Date: September 25th 2023 | Author: Melanie Haynes

There was an interesting survey that popped up on our LinkedIn feed. The question was, “How best can we ensure we optimize our cities to work for humans and not cars?” The choices were:

  1. Adding better/more bike lanes.
  2. Less on-street parking.
  3. Fewer freeways in big cities.
  4. More reliable public transport.

Number 4 had over 60% of the votes.

We recently also ran a poll on LinkedIn asking people why they don’t commute by public transport, and it was equally split between lack of convenience and no access to public transit.

Whilst neither of these surveys produces valid data due to the number of respondents and the self-selecting nature of a LinkedIn poll, they give an idea of how people think.

Interestingly, two Scandinavian capital cities, Helsinki and Oslo, have introduced successful measures to reduce car usage and increase riders on public transit, which did not concentrate on public transit alone.

Electric bus charging in Helsinki

The Finnish example

Helsinki in Finland honed in on the walking environment and found that a 5% improvement in this could led an €8.5m increase in fares. Work on improving pedestrian and cycling infrastructure leads to more people using public transit instead of private cars.

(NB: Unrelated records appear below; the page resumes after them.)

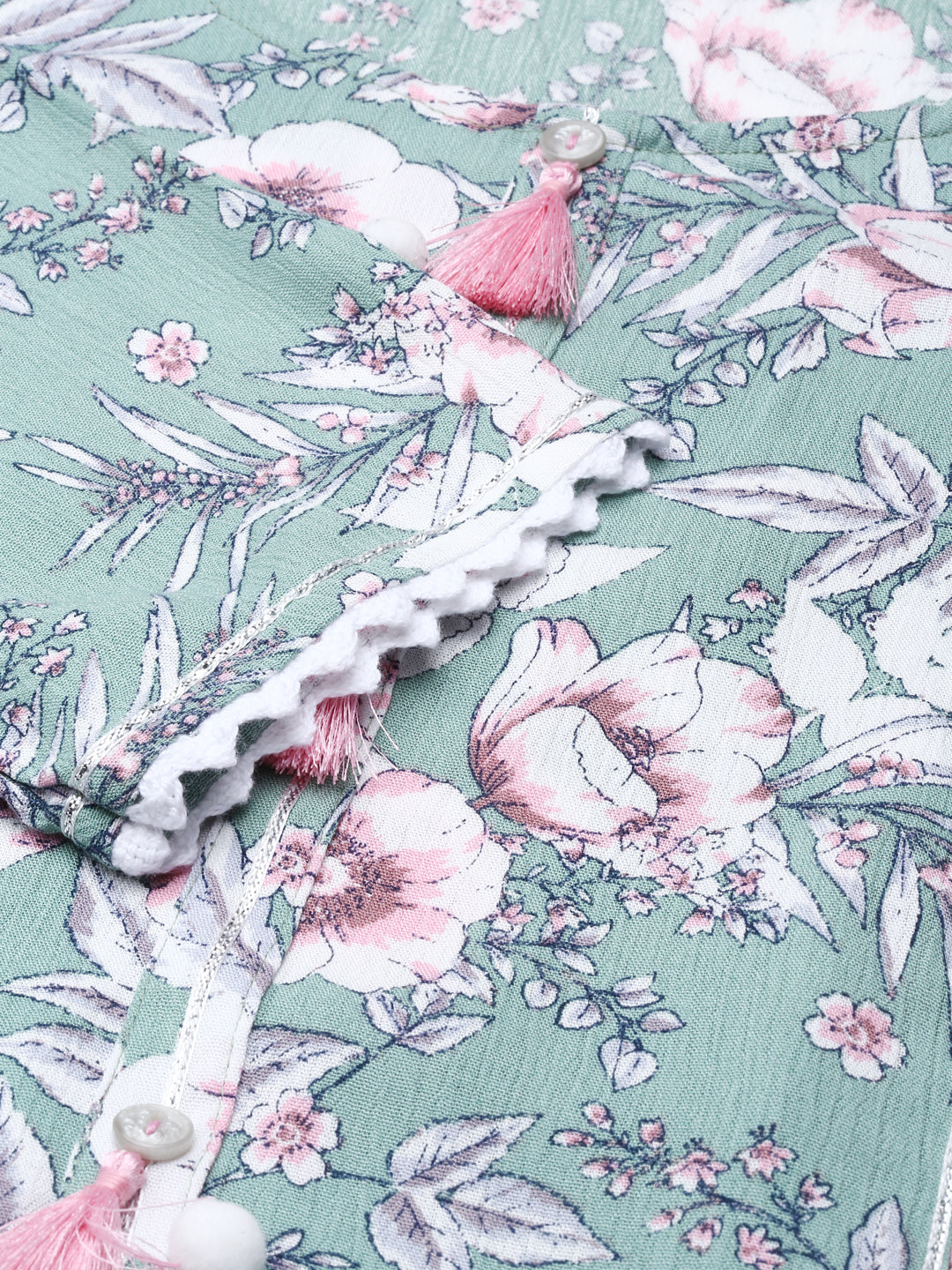 Neerus Blue Silk Chiffon Printed Kurta Set - detail view 2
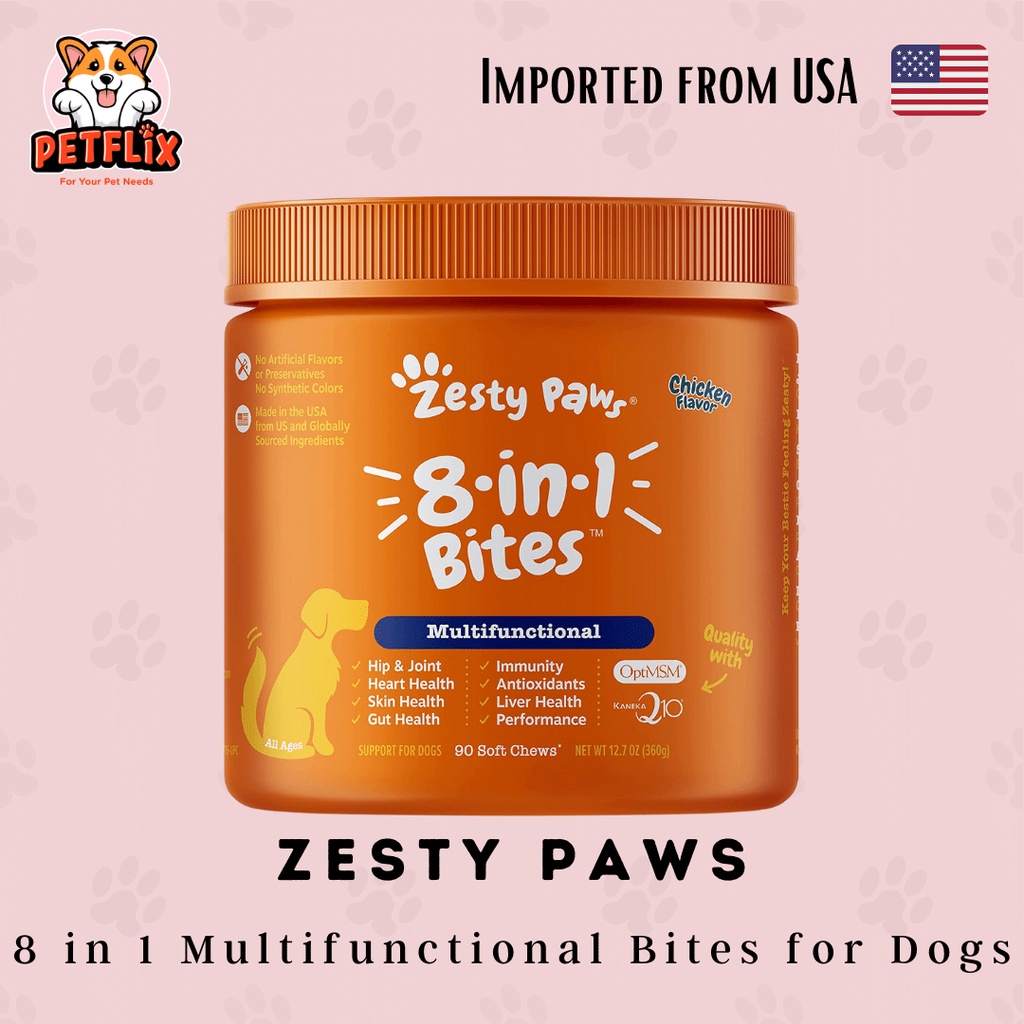 Zesty Paws 8 in 1 Multivitamin Bites for Dogs with OptiMSM & Kaneka Q10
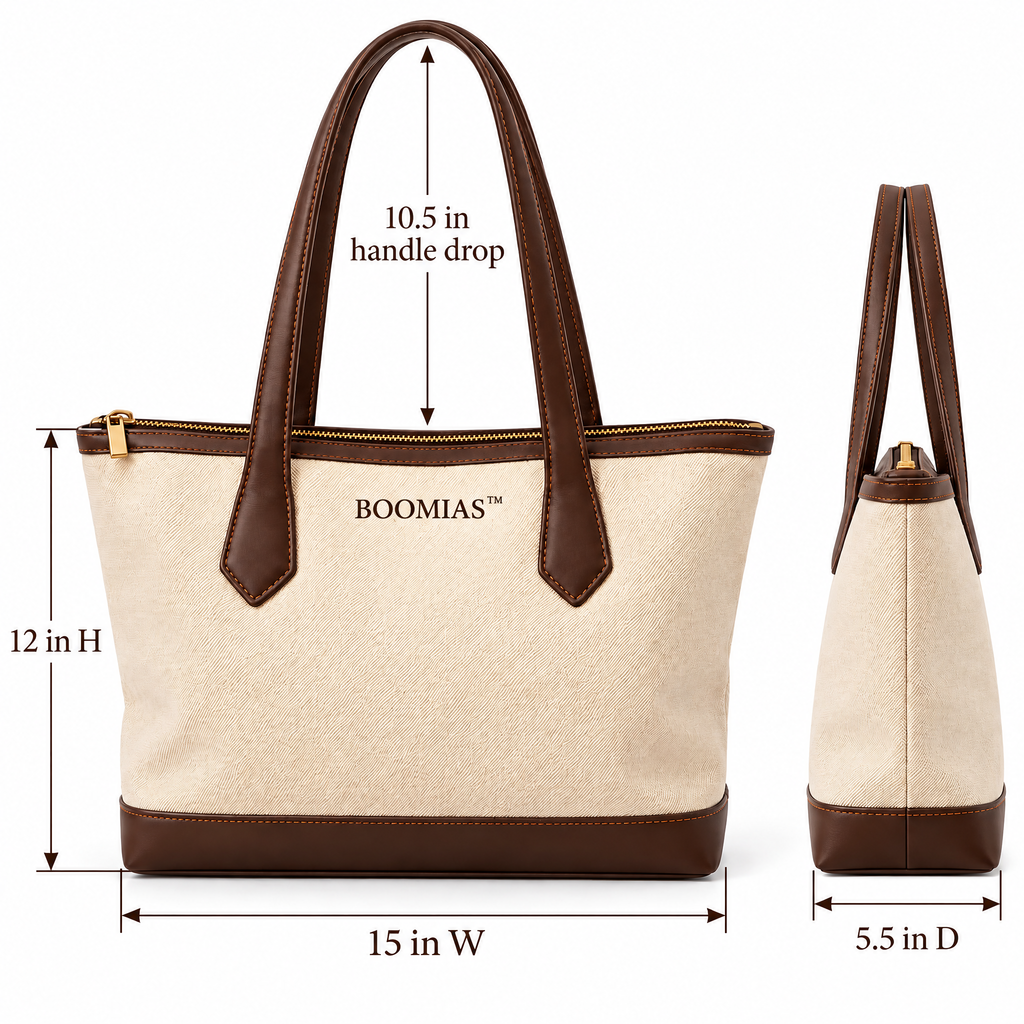 BOOMIAS™ Rowan Canvas Carryall — Women’s Zip Top Everyday Tote Bag with Interior Pockets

Generally, a one kilometre (0.62 mile) radius is the optimum for people to walk to a transit station or stop. By prioritizing pedestrian routes around transport hubs, more people will use them. The main pain points for walking are the weather (which is out of our hands), distance, travel times and safety. Unsurprisingly, women were more concerned about safety and men about the speed of the journey. An underpass will cut the time of the journey but would make it feel unsafe for women. There has to be a balance struck. An improved walking environment would mean better pavements, better lighting, pleasant facades, benches and attractive planting (an excellent opportunity to help the local bee and butterfly community with wildflowers).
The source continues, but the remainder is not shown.